Bloomberg in a report titled ‘Big money backs tiny loans that lead to debt, despair and even suicide’ said: Suicides, debtors’ prisons and delinquent borrowers forced to sell their land – the grim social costs linked to microfinance a decade ago were supposed to be a relic of the past. But efforts to clean up the industry lost momentum, and today billions of dollars are flooding into a system that promises the world’s poor a better life while often compounding their misery.

Government aid agencies, commercial banks, nonprofits and socially minded investment firms are pouring record amounts—more than $50 billion of committed funds in 2020, industry data show—into an international array of lenders. The infusion of capital has continued despite annualized interest rates that can top 100% and aggressive debt-collection tactics that have left some borrowers homeless.

As financiers have replaced philanthropists in the microfinance industry, consumer protection has been weakened. Taxpayer-funded development banks, which could fix the problem, are instead channeling hundreds of millions of dollars earmarked for poverty alleviation into some of the most predatory lenders.

Interviews with dozens of borrowers in Cambodia, Jordan, Sri Lanka and Mexico, as well as with lawyers, academics and human rights groups, paint a picture of a changing industry, one that’s offering new types of loans, including consumer finance, as some lenders prioritize profits over helping the poor.

In Cambodia, the average loan provided by so-called microfinance institutions has ballooned sevenfold over the past decade to about $4,200, almost three times the country’s average household income, data compiled by the Cambodia Microfinance Association show. Women there have been pressured to sell their homes to repay loans, according to human rights groups and academics who have studied the matter. In Jordan, one of the few countries that still imprisons people for nonpayment of debt, more than 23,000 women were wanted by the police in 2019 for owing less than $1,400 each, Justice Ministry officials have said. In Sri Lanka, consumer-advocacy groups estimate 200 women indebted to microfinance companies committed suicide in the past three years.

Yet the World Bank, the European Investment Bank, the US International Development Finance Corp. and other development banks continue to invest billions of dollars of public money. More has come from commercial banks and impact investors. Citigroup Inc. had lent about $1 billion to 89 microfinance institutions as of January 2020. Japan’s Sumitomo Mitsui Financial Group has invested billions of dollars in Asian firms, including in Cambodia.
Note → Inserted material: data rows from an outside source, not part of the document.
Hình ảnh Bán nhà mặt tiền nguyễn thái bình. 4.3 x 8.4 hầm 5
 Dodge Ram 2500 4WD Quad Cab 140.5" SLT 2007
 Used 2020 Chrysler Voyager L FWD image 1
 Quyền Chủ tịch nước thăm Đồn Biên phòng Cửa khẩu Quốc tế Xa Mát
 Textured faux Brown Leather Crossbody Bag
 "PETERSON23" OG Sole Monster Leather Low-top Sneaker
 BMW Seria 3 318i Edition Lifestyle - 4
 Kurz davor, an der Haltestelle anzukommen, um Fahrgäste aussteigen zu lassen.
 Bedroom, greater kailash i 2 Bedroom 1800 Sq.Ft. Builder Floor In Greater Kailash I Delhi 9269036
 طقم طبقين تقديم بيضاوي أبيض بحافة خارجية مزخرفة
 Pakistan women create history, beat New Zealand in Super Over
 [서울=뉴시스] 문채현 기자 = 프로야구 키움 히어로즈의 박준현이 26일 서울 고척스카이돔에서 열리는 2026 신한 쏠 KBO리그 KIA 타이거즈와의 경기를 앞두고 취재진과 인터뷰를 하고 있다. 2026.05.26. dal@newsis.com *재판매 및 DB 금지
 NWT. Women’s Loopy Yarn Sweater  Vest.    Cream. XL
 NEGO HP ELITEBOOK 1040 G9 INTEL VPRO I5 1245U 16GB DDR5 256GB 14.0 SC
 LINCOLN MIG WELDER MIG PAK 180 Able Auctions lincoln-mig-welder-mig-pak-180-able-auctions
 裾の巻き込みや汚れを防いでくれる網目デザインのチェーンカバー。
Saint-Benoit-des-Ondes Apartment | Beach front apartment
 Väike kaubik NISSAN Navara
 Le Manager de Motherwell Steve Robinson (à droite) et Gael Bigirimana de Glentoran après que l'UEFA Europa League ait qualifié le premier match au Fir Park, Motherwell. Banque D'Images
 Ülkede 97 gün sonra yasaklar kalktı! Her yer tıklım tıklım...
JPMorgan Chase & Co. sold a $175 million collateralized loan obligation in 2019 backed by microfinance and small-business repayments.

Among the 26 lenders it’s funding are three accused of pressuring borrowers to sell land in Cambodia. JPMorgan declined to comment, and Sumitomo didn’t respond to inquiries.

A wave of suicides in India a decade ago challenged the idea that microlending might eradicate poverty, but today’s more modest goal of financial inclusion, an attempt to reach people without access to the banking system, is no less fraught. The expansion of the loosely regulated business—all those loans added up to $160 billion in 2020, about twice the amount 11 years earlier, according to industry estimates—has resulted in millions of new borrowers for whom the dream of inclusion has turned into a nightmare of debt.

Blitz shall continue to further investigate this extremely important issue, where microcredit or microfinance enterprises are continuing to make huge profit at the cost of poor people throughout the world.